Tuesday, March 2, 2010

what gives you LIFE?

I love my husband. He's very encouraging. He recently told me to stop asking what is needed or necessary and ask instead: what brings me life? That is a great question.

What brings me LIFE?

It's amazing for me to realize that God gifted each of us to do the things we love to do, the things that bring us LIFE! That HE actually designed us to love certain things and to be energized by them as gifts to us to bless us as we do what we LOVE TO DO!

To think that we were uniquely designed to ENJOY life - to receive LIFE from life. Not to be drained and strung out. Not to strive and labor.

I think as a young adult I was unsure about this. I never really believed God loved me THAT much. That He desired me to be enjoying the journey. I knew He bled and died for me, gave His life for me. But, did He really want me to ENJOY life? Was I truly meant to get something out of this for myself?

Maybe it was being raised a hard-working American who values education, career, money and worldly-success OR maybe it was my German ancestry - utilitarian and practical at all costs. Who knows. Maybe it was just a part of my inborn personality - be practical and do what is necessary. Wherever it came from, it was there. I had a strong sense of doing things because I should do them - because they made the most sense. Not because I loved them or they brought me LIFE!

After 20 years or so, this way of thinking led to death. Not death in my body, but death to my passions, my dreams. Death to what I had deemed impractical and selfish things that actually brought me LIFE. I was living, but my heart was not fully alive. I was capable and competant, but not enjoying the journey much.

It's funny. We tell our kids they can do anything, be anything. No dream is too big for God so dream big. But, do we? I had stopped dreaming for me. I could dream for them and my husband, but not for myself.

At some point in my own life, I think fairly young, I decided I was going to do the right thing - be responsible, be productive, be successful, be solid. I think many times we become what we don't have - what our soul needs. It made sense to develop myself into what I thought I needed most. A person I could look up to. A person I could value.

This process of deciding and responding really locks you in. Locks you into someone you are maybe not meant to be - completely.

I believe that we are fearfully and wonderfully made - and that there's A LOT in there. Meaning, we are NOT a blank slate when we enter this world. We are each a unique, complex creation of God, designed to reflect His glory in our one-of-a-kind personalities as we are fully redeemed by His overwhelming love.
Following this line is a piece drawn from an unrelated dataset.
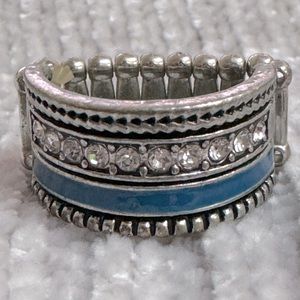5/$20🛍️Paparazzi Blue Strip with White Crystals Ring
We were created to express the Father.

He designed us for specific purposes. He knows us better than we know ourselves. He made us and He desires us to be all that He created us to be. But in order to do that, we must first get free. Free from the lies of the enemy. Free from ourselves and the limitations we've placed on us. Free from hurts in our hearts from past wounds. Free from the expectations of ourselves and others. We must be FREE to fully embrace WHO He made us to be. FREE to BE and DO what He uniquely created us to - the things that BRING US LIFE.

Sounds simple but I've personally found it to be very hard. So often as I step out to do the things that give me life, I enter a battle. A battle in my mind of accusation, lies, expectations etc. Voices in my head saying that this is waste of time, I need to be doing something else, someone needs me... etc.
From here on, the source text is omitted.